In response to a letter Boehner sent Obama last week accusing the president of overreaching with "job-crushing" federal regulations, Obama sent his own letter chiding the speaker.

"I agree that it is extremely important to minimize regulatory burdens and to avoid unjustified regulatory costs, particularly in this difficult economic period," Obama wrote. "I have taken a number of steps to achieve those goals."

In his letter, Boehner pointed to the long list of regulatory actions published by the White House as a sign of government overreach.

Obama reminded Boehner that the regulations were cost-saving and their publication was standard government operating procedure.
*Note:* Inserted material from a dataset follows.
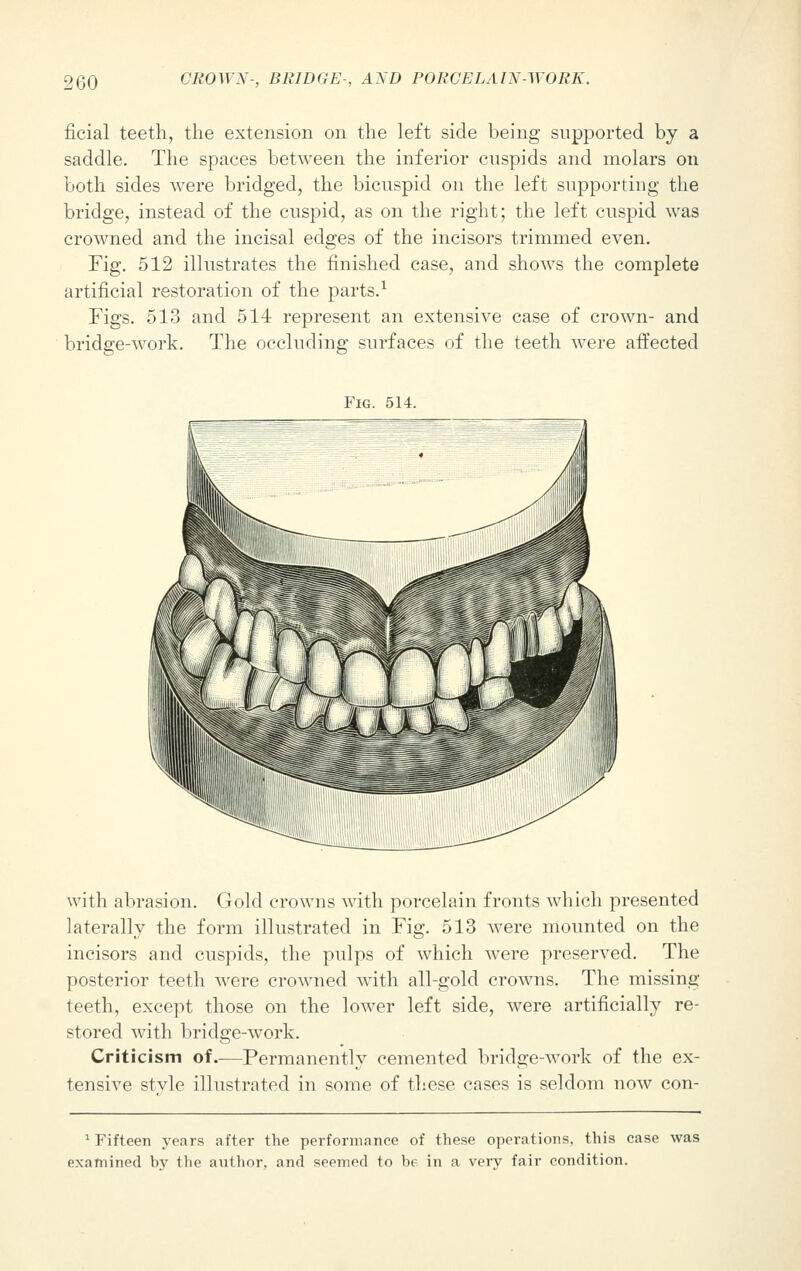 ficial teeth, the extension on the left side being supported by a saddle. The spaces between the inferior cuspids and molars on both sides were bridged, the bicuspid on the left supporting the bridge, instead of the cuspid, as on the right; the left cuspid was crowned and the incisal edges of the incisors trimmed even. Fig. 512 illustrates the finished case, and shows the complete artificial restoration of the parts.1 Figs. 513 and 514 represent an extensive case of crown- and bridge-work. The occluding surfaces of the teeth were affected Fig. 514. with abrasion. Gold crowns with porcelain fronts which presented laterally the form illustrated in Fig. 513 were mounted on the incisors and cuspids, the pulps of which were preserved. The posterior teeth were crowned with all-gold crowns. The missing- teeth, except those on the lower left side, were artificially re- stored with bridge-work. Criticism of.-—Permanently cemented bridge-work of the ex- tensive stvle illustrated in some of these cases is seldom now con- 1 Fifteen years after the performance of these operations, this case was examined by the author, and seemed to be in a very fair condition.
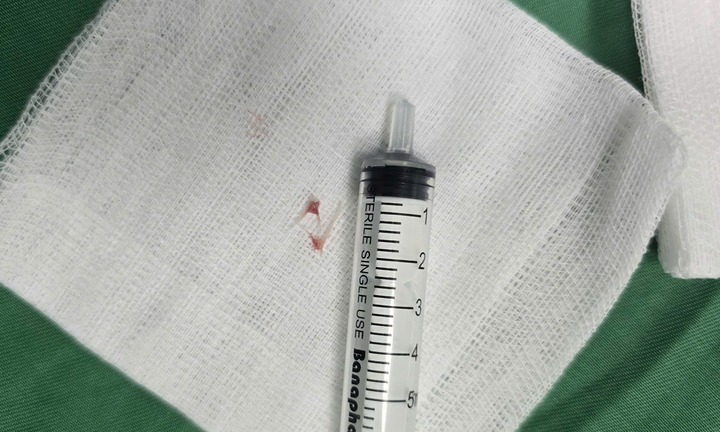 Nguy kịch vì hóc xương cá, bé 16 tháng tuổi nhập viện khẩn cấp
Besides that, Obama pointed out that the cost of regulations in the final two years of George W. Bush's presidency exceeded those in the first two years of Obama's administration.

"I would add that the costs of final, economically significant rules reviewed by the Office of Information and Regulatory Affairs were actually higher in 2007 and 2008 than in the first 2 years of my Administration," the letter reads. "And in 2009 and 2010, the benefits of such rules — including not only monetary savings but also lives saved and illnesses prevented — exceeded the costs by tens of billions of dollars."

Boehner had pointed out that the regulatory agenda for the year contained 219 "planned new regulations."

"That's almost a 15 percent increase over last year, and appears to contradict public suggestions by the Administration this week that the regulatory burden on American job creators is being scaled back," Boehner wrote.

Obama, however, corrected Boehner: what he called "planned" regulations are in fact nowhere near final.

"Under both Republican and Democratic administrations, the agenda is merely a list of rules that are under general contemplation, provided to the public in order to promote transparency," Obama wrote.

When Congress returns from its August recess next week, odds are that the sniping over regulations will shift from letter-writing to comments in the press and potential floor remarks. Obama's sign-off hinted of the battle to come.

"I look forward to working closely with you to produce a regulatory system that will, in the words of Executive Order 13563, 'protect public health, welfare, safety, and our environment while promoting economic growth, innovation, competitiveness, and job creation'," he wrote.